Instead of sinking into depression and making my life smaller, I resolved to visit more. Our last Thanksgiving with her was 100 percent attendance from all members of the family and I counted 40 of us. Before I could even find the answers to my questions about her death, 60 days later, Rose, my eldest sister died.
I now have two lives to examine – why their deaths were in the first half of 2016?
I then recalled a community leader, Roy Morales. I too could not make sense of his death, we heard that he fell while fixing his house’s roof. That stayed with me and I imagined how painful and sudden it must have been. Could it be that he suffered a heart attack while up there and subsequently fell? As news trickled in, the Los Angeles Times confirmed that he died from a sudden heart attack.
Uncle Roy consciously educated folks to be “woke,” to know who we are, to address the issues around us, and to appreciate our community’s culture, heritage and blessings. He spent Saturdays leading the tour of Historic Filipinotown and I bet if he were alive today, he would celebrate the nomination of Filipino Christian Church to the National Register of Historic Places in October 2018. He was a social worker and served the community well and extended himself further by teaching Filipino American Studies at UCLA where his classes were maxed out in enrollment.
While he shared our common history in Historic Filipinotown (HIFI) by taking his UCLA students through a tour of HIFI, he recognized how gentrification displaced our early pioneers, our Manongs from their homes in Bunker Hill. He instilled in us how to have a higher appreciation for our culture, our heritage, and collective history. He made vigilant visits to appointing powers in local government and referred community persons with merit to staffers’ positions.

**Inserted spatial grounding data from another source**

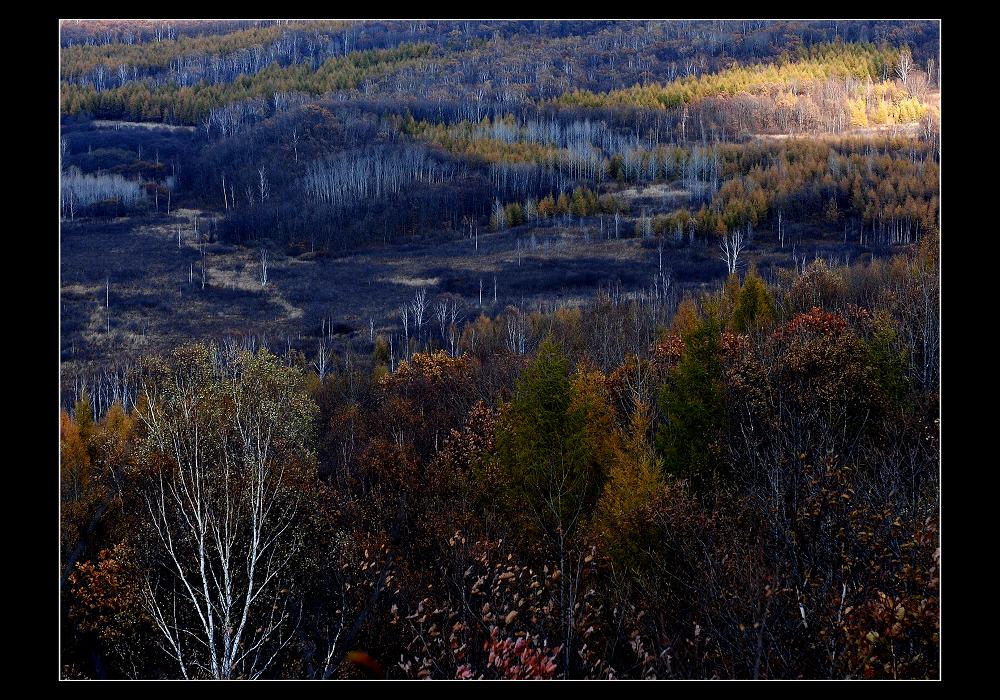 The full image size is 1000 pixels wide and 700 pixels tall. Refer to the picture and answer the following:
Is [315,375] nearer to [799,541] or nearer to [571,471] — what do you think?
[571,471]

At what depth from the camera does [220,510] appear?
619 inches

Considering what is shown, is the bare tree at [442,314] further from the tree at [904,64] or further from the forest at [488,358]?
the tree at [904,64]

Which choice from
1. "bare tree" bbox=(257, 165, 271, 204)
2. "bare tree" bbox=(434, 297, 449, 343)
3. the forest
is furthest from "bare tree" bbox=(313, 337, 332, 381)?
"bare tree" bbox=(434, 297, 449, 343)

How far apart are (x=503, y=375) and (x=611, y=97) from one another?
4171 centimetres

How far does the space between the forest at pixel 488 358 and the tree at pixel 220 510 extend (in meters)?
0.16

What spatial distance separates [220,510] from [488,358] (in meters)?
25.6

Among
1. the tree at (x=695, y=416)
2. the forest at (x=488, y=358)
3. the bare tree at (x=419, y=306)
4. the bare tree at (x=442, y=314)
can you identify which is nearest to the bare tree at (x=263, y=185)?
the forest at (x=488, y=358)

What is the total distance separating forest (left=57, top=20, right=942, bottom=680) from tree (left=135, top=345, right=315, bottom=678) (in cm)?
16

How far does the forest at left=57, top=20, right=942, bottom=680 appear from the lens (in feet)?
45.8

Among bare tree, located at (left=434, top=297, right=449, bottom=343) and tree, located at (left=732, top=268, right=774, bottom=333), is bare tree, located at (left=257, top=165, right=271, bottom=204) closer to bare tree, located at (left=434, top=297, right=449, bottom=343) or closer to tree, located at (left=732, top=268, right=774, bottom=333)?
bare tree, located at (left=434, top=297, right=449, bottom=343) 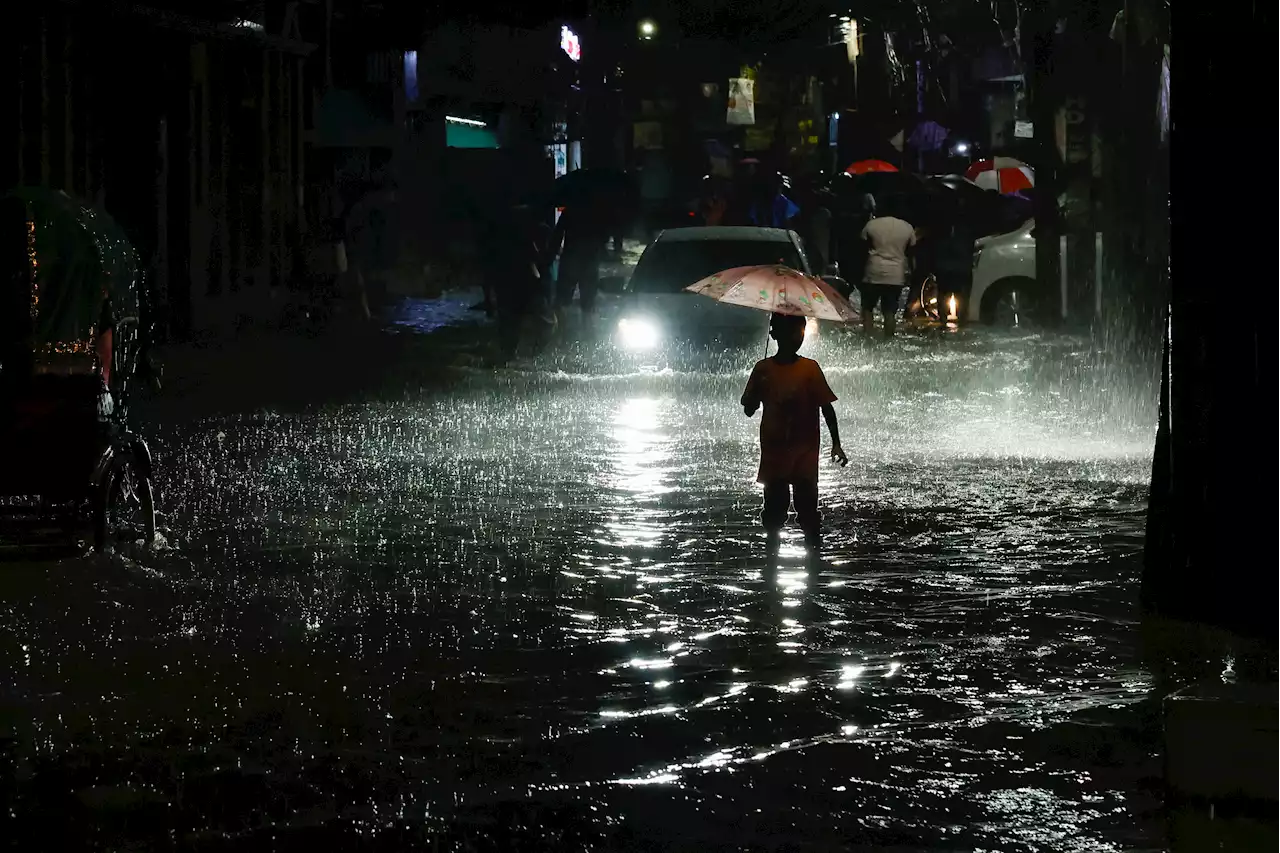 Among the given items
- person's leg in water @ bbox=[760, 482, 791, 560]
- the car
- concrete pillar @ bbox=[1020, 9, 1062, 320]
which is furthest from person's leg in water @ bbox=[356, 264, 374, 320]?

My mom, my dad and my sister were not self-proclaimed nor did they identify as community leaders. Yet, they too lived their lives for others. My mom was teaching science and math, while my sister propagated God’s words in the last four years of her life. She went to numerous cursillo retreats with her husband, Eduardo, to help in the spiritual formation of others, as herself. The three (dad, mom and sister) lived their lives caring for others and cared enough to pass on what they learned in life.
But more visible than my family members was Royal Morales, a social worker, a community cheerleader, a culture bearer who passed on his knowledge of our heritage and had a profound impact on many lives. These are examples of Filipino immigrants who came here many decades ago – who taught us we all belong to one human family.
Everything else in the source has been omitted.